Do the Thrift Savings Plan’s Lifecycle (L) Funds work as advertised? They sure do! The L Funds are what is called “target date” funds, and are a method of allocating investments in one’s TSP account based on how far the participant is from needing the money. Here’s how the TSP describes the L funds on their website: “The L Funds, or ‘Lifecycle’ funds, use professionally determined investment mixes that are tailored to meet investment objectives based on various time horizons. The objective is to strike an optimal balance between the expected risk and return associated with each fund.”

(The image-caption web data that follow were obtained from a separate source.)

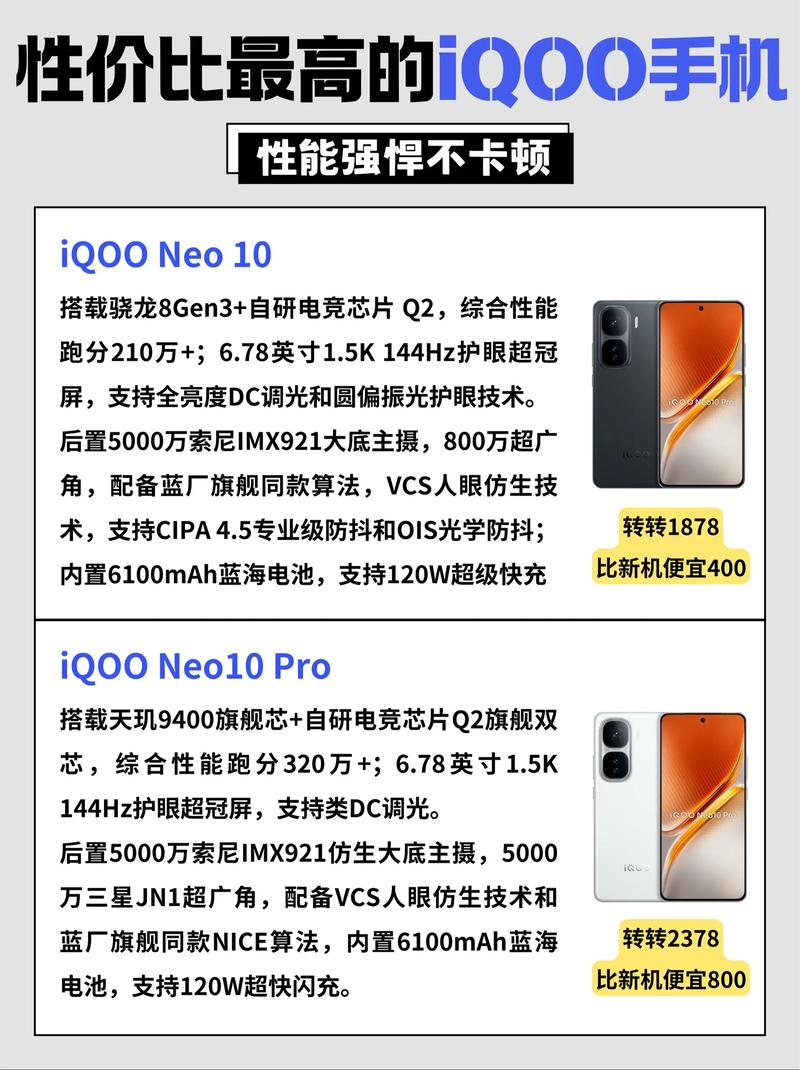 iqoo高性能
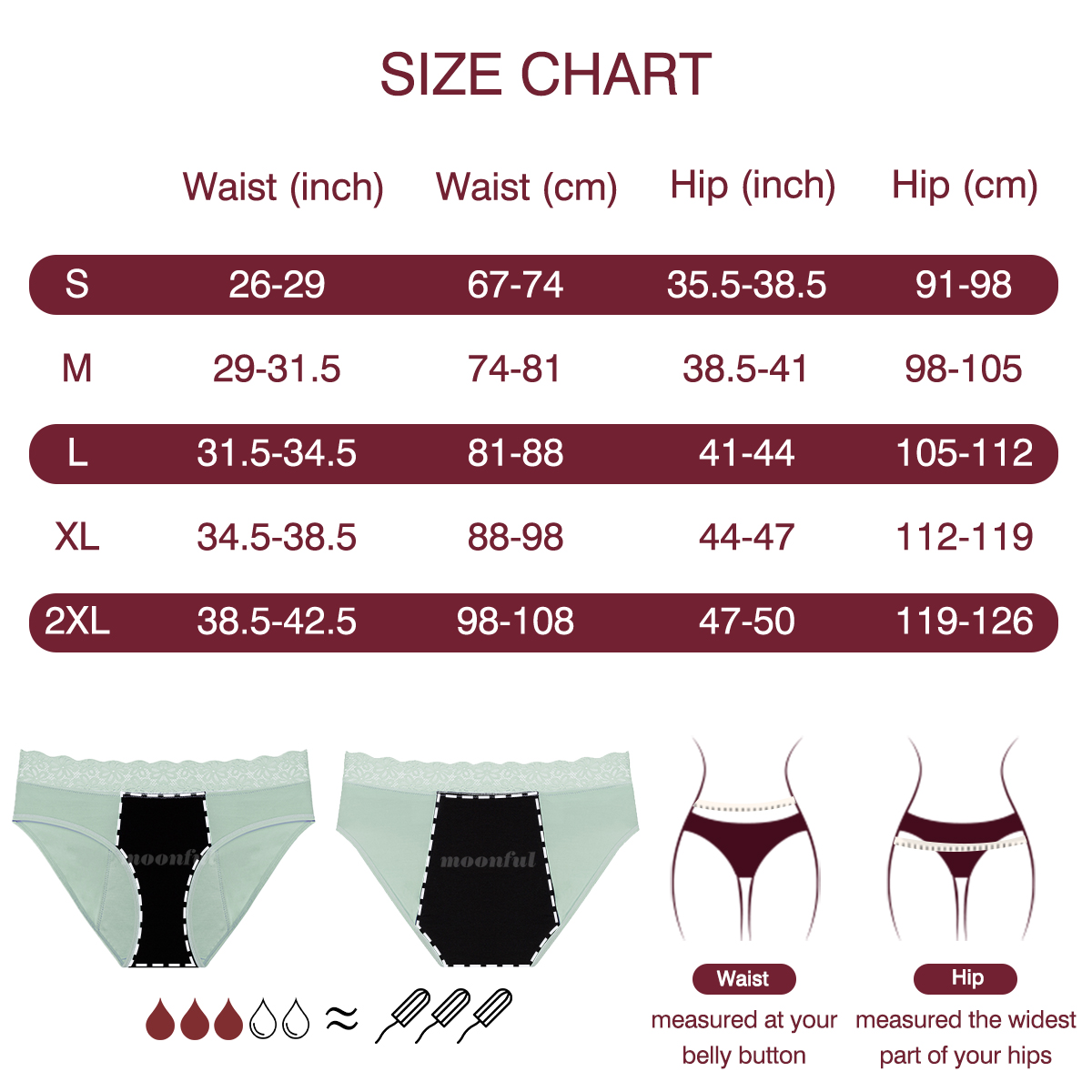 Menstrual Cycle Absorbent Unde - Period Panty Absorbent recensie en prijs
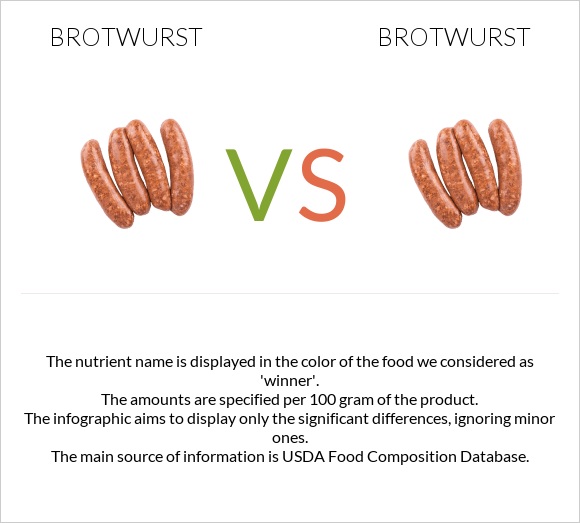 Brotwurst vs Brotwurst infographic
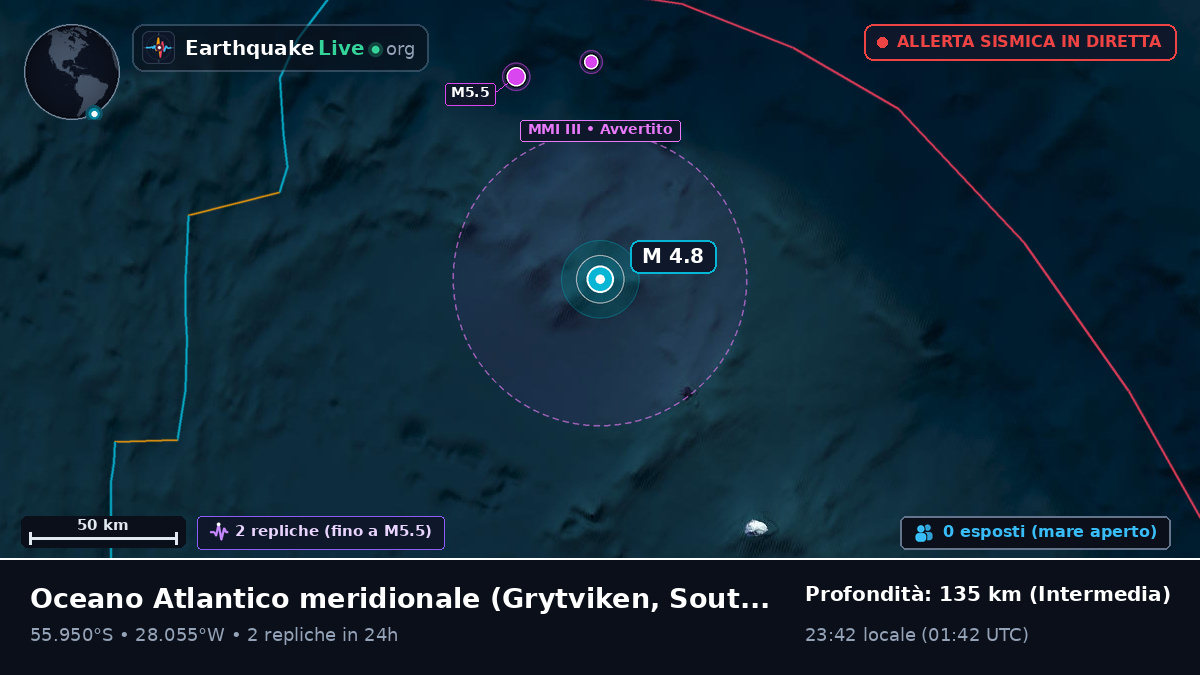 Oceano Atlantico meridionale (South Georgia and the Islands)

The TSP didn’t unnecessarily complicate matters when they introduced the L Funds. What they did was take the five basic funds (C, S, I, F and G) and combine them in different percentages within each of the five L Funds. Conceptually, the individual who is about to retire would choose the L Income or the L 2020 Fund, while the kid we hired last Monday would elect to invest in the L 2050 Fund. In fact, new employees are automatically enrolled in the age-appropriate L Fund at a 3% contribution rate, scheduled to increase to 5% by 2020. The design of the L Funds is based on the commonly accepted investing wisdom that one should get progressively more conservative in their investment allocations as they near their goal.

In 2020 the L Funds will change from 10-year intervals to 5-year intervals.

The L funds are re-balanced on a daily basis and all except the L Income fund are adjusted (towards a more conservative allocation) on a quarterly basis. The following allocations are from April 2019.

Fund Need Money C S I F G
L Income Now 10.79% 2.70% 7.26% 5.94% 73.31%
L 2020 2015 to 2024 14.50% 3.74% 9.83% 6.20% 65.73%
L 2030 2025 to 2034 30.48% 8.60% 21.04% 6.96% 32.92%
L 2040 2035 to 2044 35.82% 10.82% 25.11% 7.49% 20.76%
L 2050 2045 + 40.06% 13.08% 28.61% 7.37% 10.88%

The value of TSP investments can fluctuate greatly and the quarterly adjustments of the L Funds’ mix is tiny (for example the S Funds percentage in the L 2030 fund will change from 8.60% in the second quarter to 8.59% in the third). That’s why the TSP re-balances each fund at the end of the business day.

In 2018 the year ended with the three most risky funds (C, S and I) all in negative territory. The F Fund was almost even at the end of the year, eking out a 0.15% gain, and the G Fund had its best year in a while with a return of 2.91%. If the L Funds worked as they were designed to, the conservative L Income Fund would have had the best return and the most aggressive of the funds (L 2050) would have had the worst. Well, they worked as designed; here’s the L fund returns for 2018.

1. L Income: 0.71%
2. L 2020: <- 0.36%>
3. L 2030: <- 3.58%>
4. L 2040: <- 4.89%>
5. L 2050: <- 6.02%) The L funds cushioned the blow of stock fund losses and dampened the gain of the G Fund.